As education has remained a social process in nation building and  the maintenance of  society  for decades  (World  Bank,  1998: 11),  it  can  be  regarded  as  a  weapon for the  acquiring  of  skills,  relevant  knowledge  and  values  for  surviving  in  a  changing world.    Igbuzor  (2006:  4),  in  stressing  the  importance  of  education,  states  that education  is  a  human  right  that  should  be  accorded  to  all  human  beings.    Obani (1996:  5)  also  expresses  that  education  improves  the  development  of  any  society, leading  to  a  strong  nation.    Education  can  therefore  be  seen  as  the  best  legacy  a country can give to its citizens.
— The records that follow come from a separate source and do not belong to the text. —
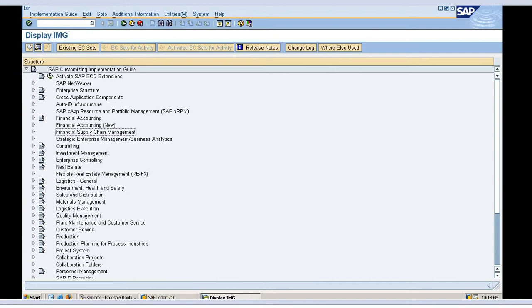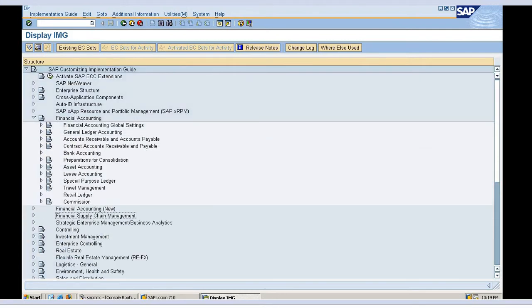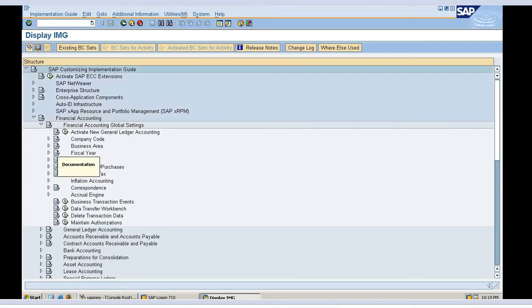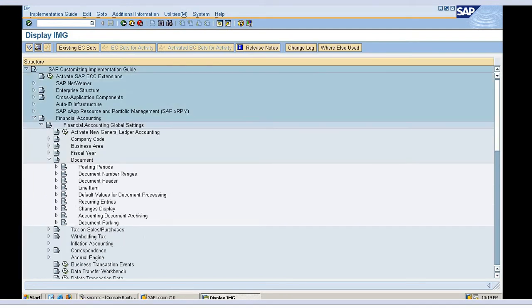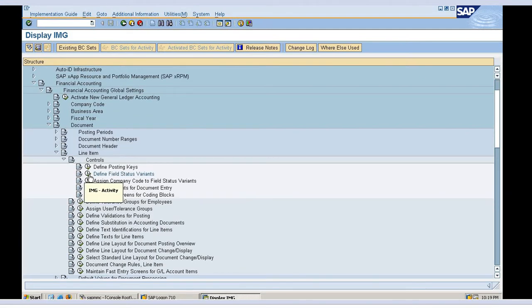I'll show you an example once we start with the GL account, but right now let's see how to create a field status variant and assign a field status group. I'm already in my SAP implementation screen. I'll go to Financial Accounting > Financial Accounting Global Settings > Documents > Line Items > Define Field Status Variant.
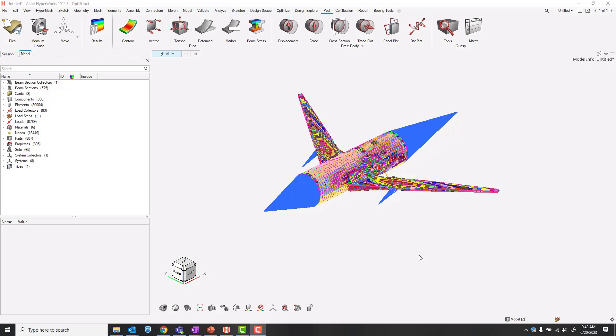Alrighty folks, as you may have seen before, in HyperWorks post we can create contours, vectors, tensors, all that good stuff, as well as free body diagrams.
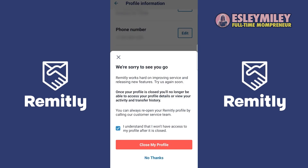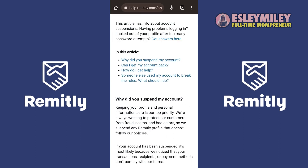Please note that your profile can't be reactivated if it was suspended because you didn't follow Remitly's user agreement. However, customer support might be able to help if you think your profile was suspended in error. To reactivate a previously closed profile,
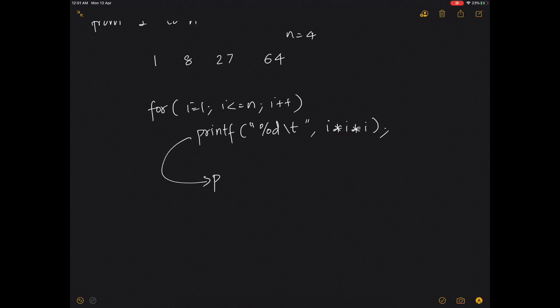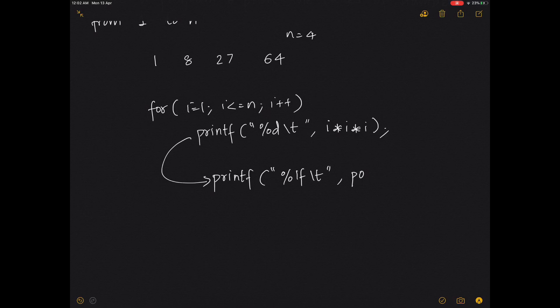Instead of %d, you write %lf with a tab, and then pow(i, 3). That is the only difference between the square and cube implementations.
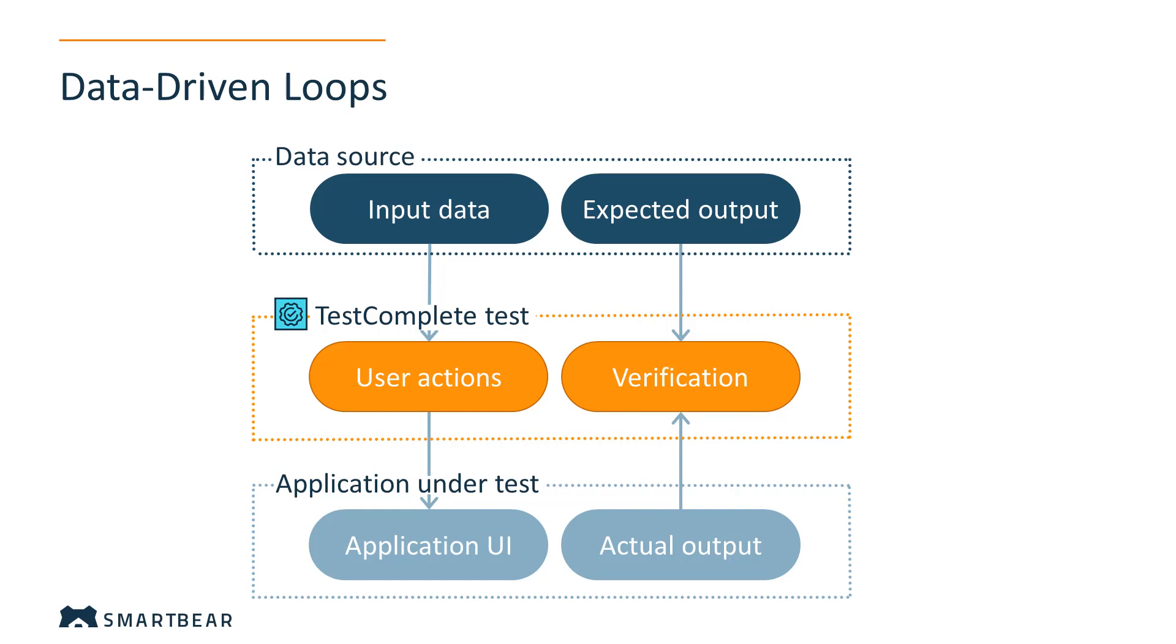The main idea of data-driven testing is to pull data from data sources and repeat tests using this data. This way, you can check your application against various input data to increase test coverage.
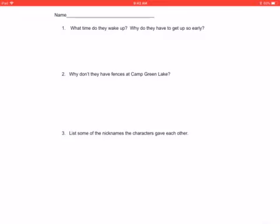Number three, list some of the nicknames the characters gave each other. Now you didn't have to list all of these, but I'll just go over the whole list that I was able to find. The first one is a character named Louis is called Barfbag. He's the one that Stanley takes his cot over. He went to the hospital for some reason.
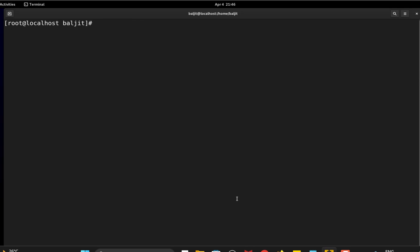Now run mount -a to check everything is fine. No error. So the mounting is done successfully. So that's how we will use VDO using LVM method in RHEL 9. I hope you will be able to attempt the VDO question. See you in the next video. Thank you.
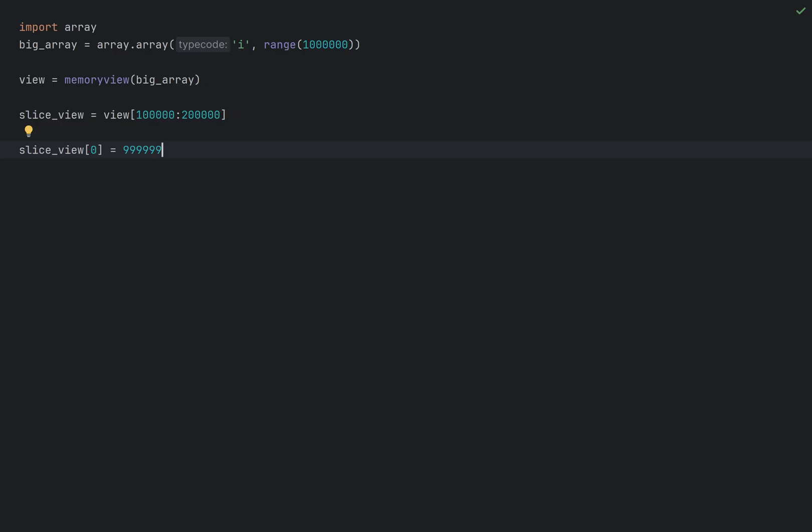Or I can even cast the view to a different type. In this case, bytes. Again, without any copying. This is incredibly powerful for working with large datasets. For instance, image processing. As you can make your program look like it's passing massive amounts of data between functions, whereas it's just passing relevant views.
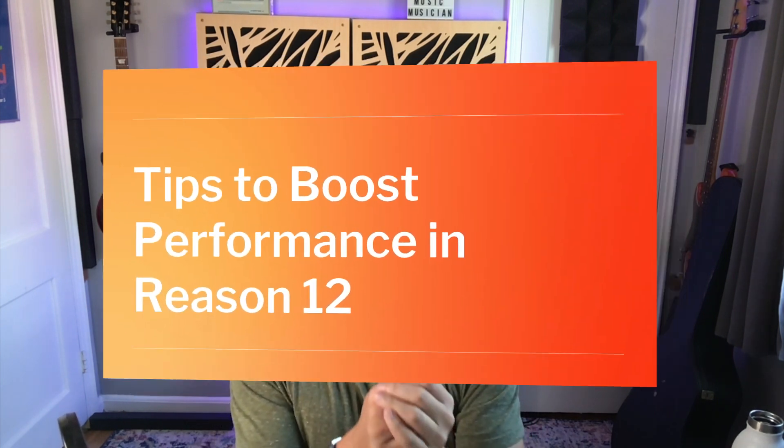Frustrated by the speed of Reason 12? It's taking forever to do anything? Wondering why things are so slow? Well I've got a miracle cure for you today. In this video I'm going to show you several things you can do to hopefully speed up performance for you in Reason 12. These things may be the source of your performance woes.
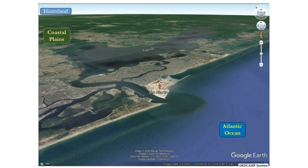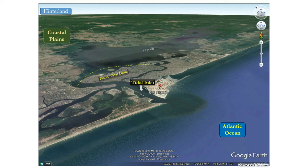In this map, the short passage connecting the lagoon to the Atlantic Ocean is called the tidal inlet. The rising, also called the flooding phase of the ocean, creates what is called a flood tidal delta in the landward area.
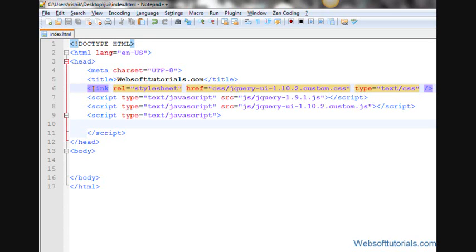Hi guys, this is Rishabh Kapoor from websofttutorials.com. In this video, we are going to use jQuery tabs inside a webpage.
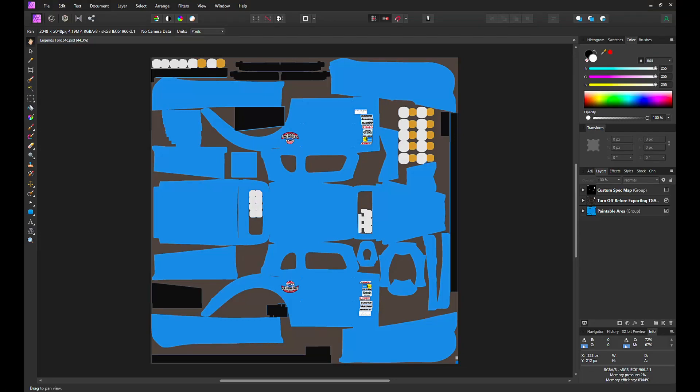Photoshop users can use iRacing car templates and spec maps as provided. Other paint programs don't have the same capabilities as Photoshop, and it can be confusing and difficult to work with iRacing grayscale spec maps. One solution is to use RGB spec maps, which other paint programs work with correctly and easily.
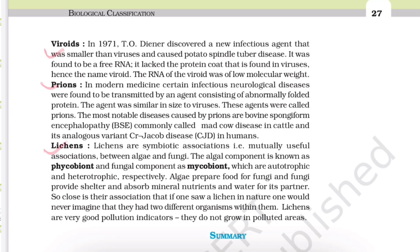Hello everyone, welcome to Biomedical Channel. We are dealing with the biological classification series, and this is the last topic of our series: viroids and lichens.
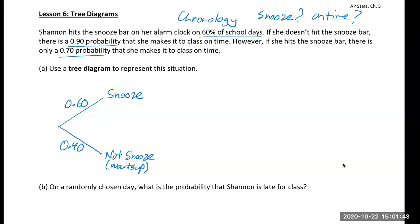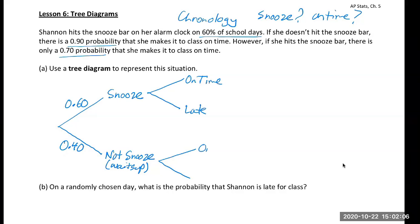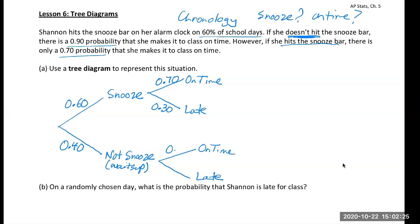After that first event, chronologically, the next thing in the story is whether she makes it to class on time. So we'll have a branch off of each of these: on time or late. If she hits the snooze bar, there's a 70% chance she's on time and a 30% chance she's late. If she does not hit the snooze bar, there's a 90% chance she's on time and a 10% chance she's late.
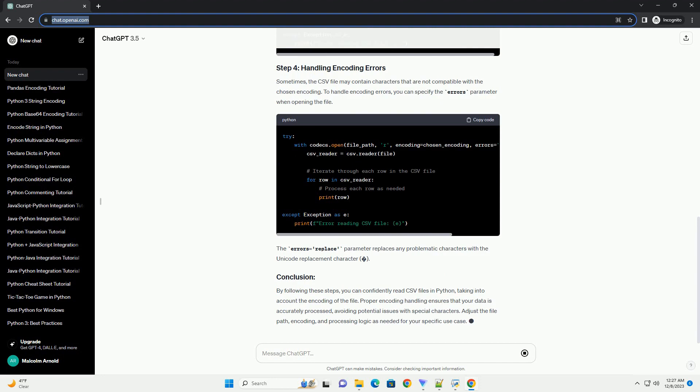Define the file path to your CSV file and the encoding you want to use. Common encodings include UTF-8, ISO-8859-1, LATIN-1, and CP-1252. Use the Codex module to open the CSV file with the specified encoding and read its contents using the CSV.reader.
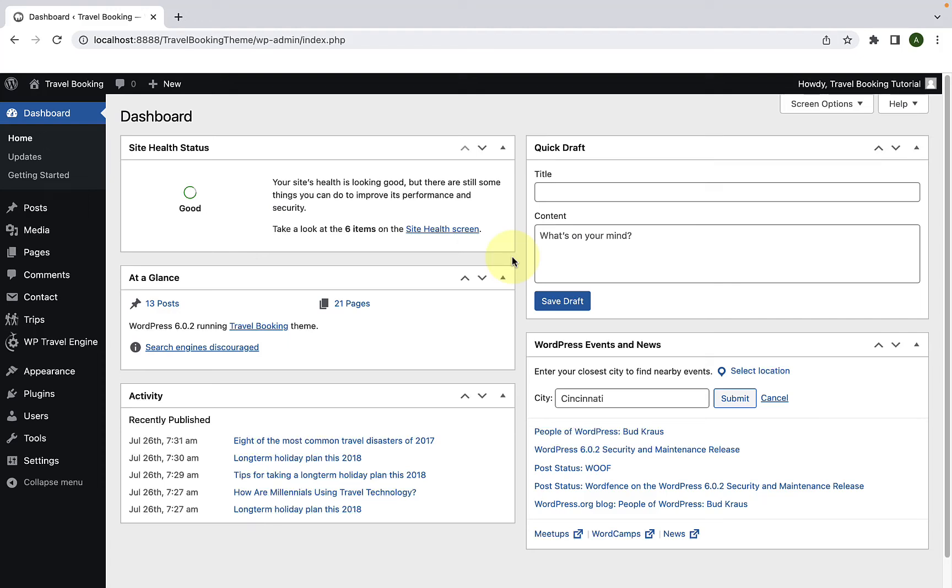In this video I will show you how to enable bank or check payment options. First you have to log in to your WordPress admin dashboard.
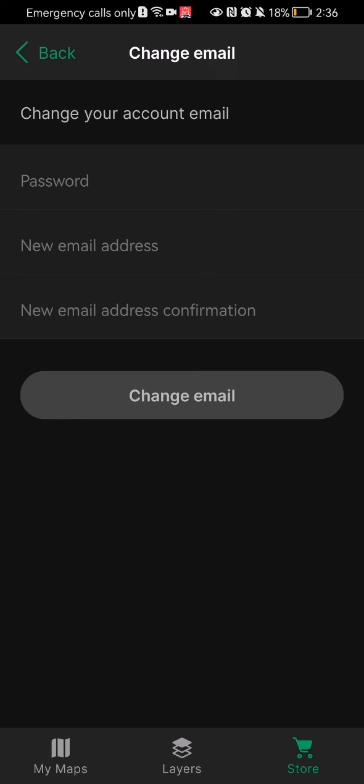In order to change your email address, all you have to do is write in your current password, write in the new email address, and finally write in once again the new email address. So pretty much this is all about it. After that, all you have to do is press change email and your email will be changed.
Based  on  the  focal  position  education  plays  in  achieving  individual  and  societal development, the provision of basic education is of great importance in Nigeria.  The importance  of  basic  education  is  highlighted  in  the  National  Policy  on  Education (NPE) of 2004 and by the Universal Basic Education Commission (1999) as free and compulsory.

According  to  United  Nations  Educational,  Scientific  and  Cultural Organization  (UNESCO)  (2002:  25,  also  Arikewuyo  &  Onanuga,  2005:  1  and Adeyemi,  2007:  159-168),  basic  education  can  be  conceptualised  as  all  forms  of organised  education  and  training,  including  access  to  information  to  equip  the individual  to  cope  better  with  work  and  family  responsibilities.    The  Jomtien Declaration  and  Framework  of  Action  on  Education  for  All  (WCEFA,  1990)  gives  a similar  definition  of  basic  education,  namely  as  a  process  which  encourages  close articulation  of  development  of  human  and  capital  potentials.    In  other  words,  basic education  is  a  life-long  form  of  education  involving  learning  to  learn,  mass  literacy and  adult  education.  As  such,  it  is  assumed  that  an  adequate  provision  of  basic education in Nigeria will serve to further develop human and capital resources in the country.

In order to pursue and bring about free, compulsory and universal basic education in Nigeria, the Universal Basic Education policy (hereafter UBE policy) was launched by the  federal  government  in  September  1999,  but  enacted  as  the  Compulsory,  Free Universal  Basic  Education  Act  in  2004.    As  a  policy  reform  measure  of  the  federal government,  the  UBE  is  in  line  with  Section  18  of  the  1999  Constitution  of  the Federal Republic of Nigeria:

Government shall eradicate illiteracy; to this end, government shall as and when  practicable  provide  a  free  and  compulsory  universal  primary education, free secondary education and free adult literacy programmes.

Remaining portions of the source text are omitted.